I do get one letter a year called letterbox which is written by the adoptive parents, I love hearing about them, how they are, what they have been up to. Around the time my letter is due I get really anxious but I’m really happy when I get it, it is always a mixed feeling in the month my letter is due.
Even though I do get my letter once a year, it is hard not knowing if they are okay for the rest of the year. I get scared for them, and worry if they are well or even still alive. I worry loads if my letter is late, I start looking through the news to see if anything might have happened. I look through the death notices page in the newspapers to see if there have been any awful accidents, my mind goes to dark places. It is really hard not know if your blood relatives, your children, are okay.
A lot of my time is spent sitting and thinking about how they are, what they are doing, how big they have grown. My mind is full of the parts that are missing, that I am missing. Christmases and birthdays are hard. Passing places I used to take them or hearing a song they used to dance to, the grief and emotions hit you like a crashing wave.
You can’t help but thinking about them night and day. I spend nights watching the sky, the moon and the stars, knowing we are all under the one sky, together. One of the last things I said to them was if they can see stars I will be looking too, they are not alone, I am under those same stars thinking about them.
I have found some comfort in spending time in my garden. When my children were first removed I planted some trees to represent each of them and every birthday and Christmas I decorate the trees in their favourite colours and cartoon characters, the trees are quite big now and these rituals help me cope.
Now we have Covid-19 and I have not received my letterbox yet or a brief update to say they are okay and it is really hard not knowing if they are safe.
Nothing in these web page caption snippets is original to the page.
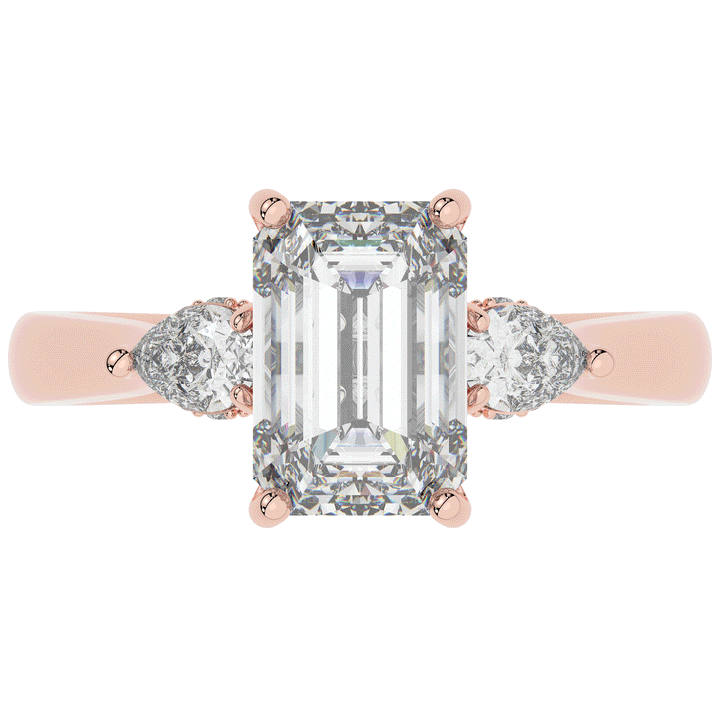2.40CT.TW EMERALD CUT LAB DIAMOND 3 STONE ENGAGEMENT RING - Nazarelle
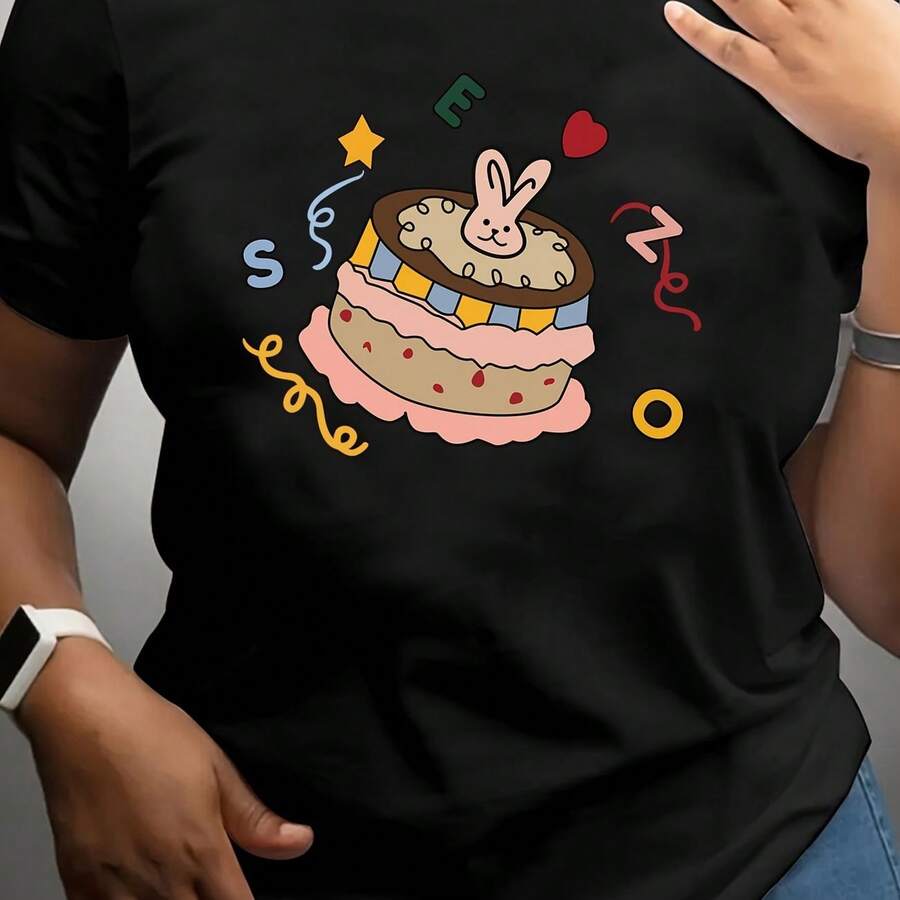 Camiseta de mujer con estampado de pastel de dibujos animados extra informal, cuello redondo, manga corta, corte holgado, tela suave transpirable, camiseta de mujer con cuello redondo de talla grande con estampado de un solo lado - Negro - Ver 1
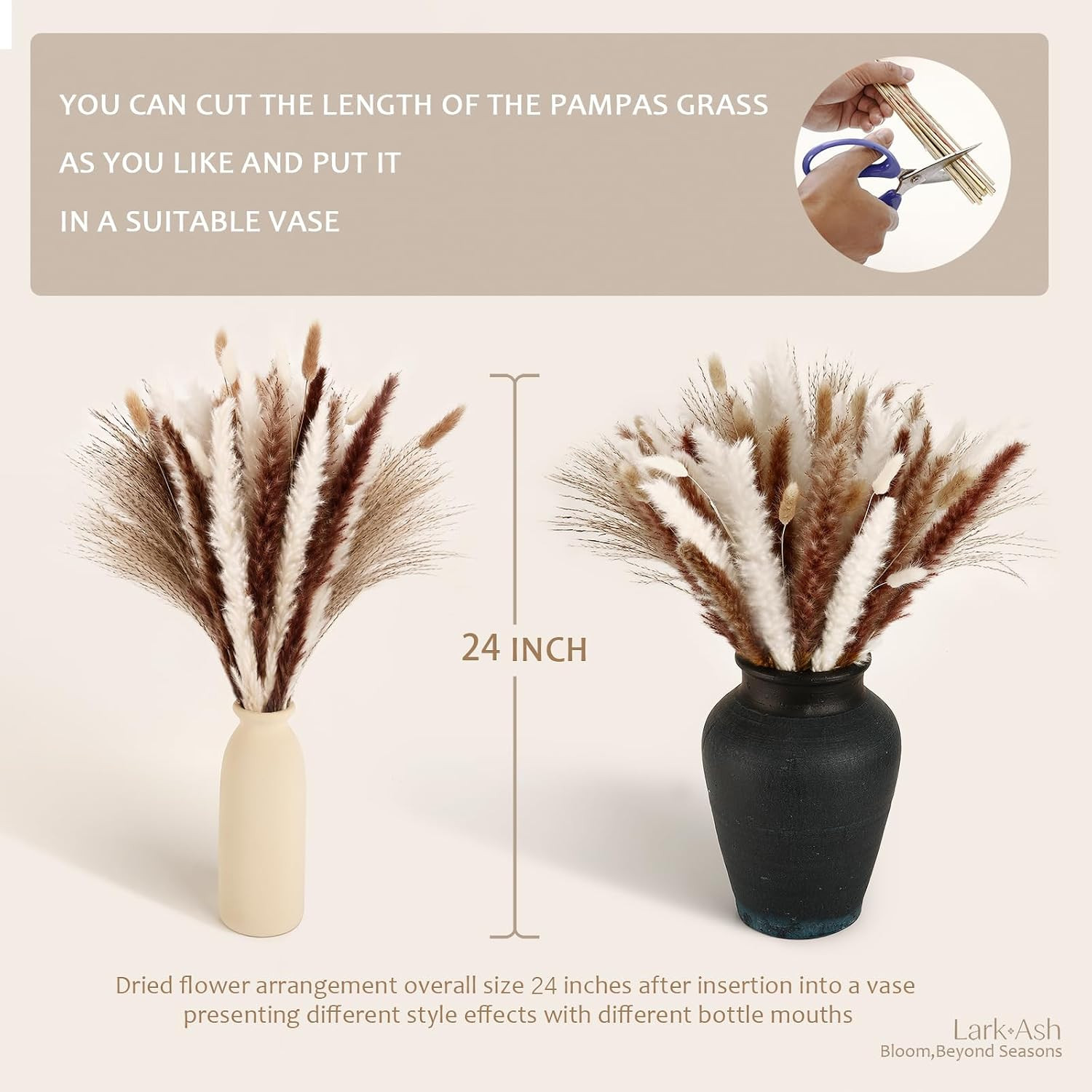 125 Stems Dried Pampas Grass Decor-Pampas Grass,Bunny Tails Grass.RusticFlowe…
It is a scary time for us all and being on my own, not going out due to lockdown, all I can do is worry.
Like most birth mums or adoptive parents, we worry about our children. We are all human, birth parents have made mistakes but are not monsters. If anything positive can come out of this time maybe it will be more compassion, it is not a war between birth family and adoptive families, maybe we can come together more and create better communication as our children might worry about and miss us as much as we worry about and miss them.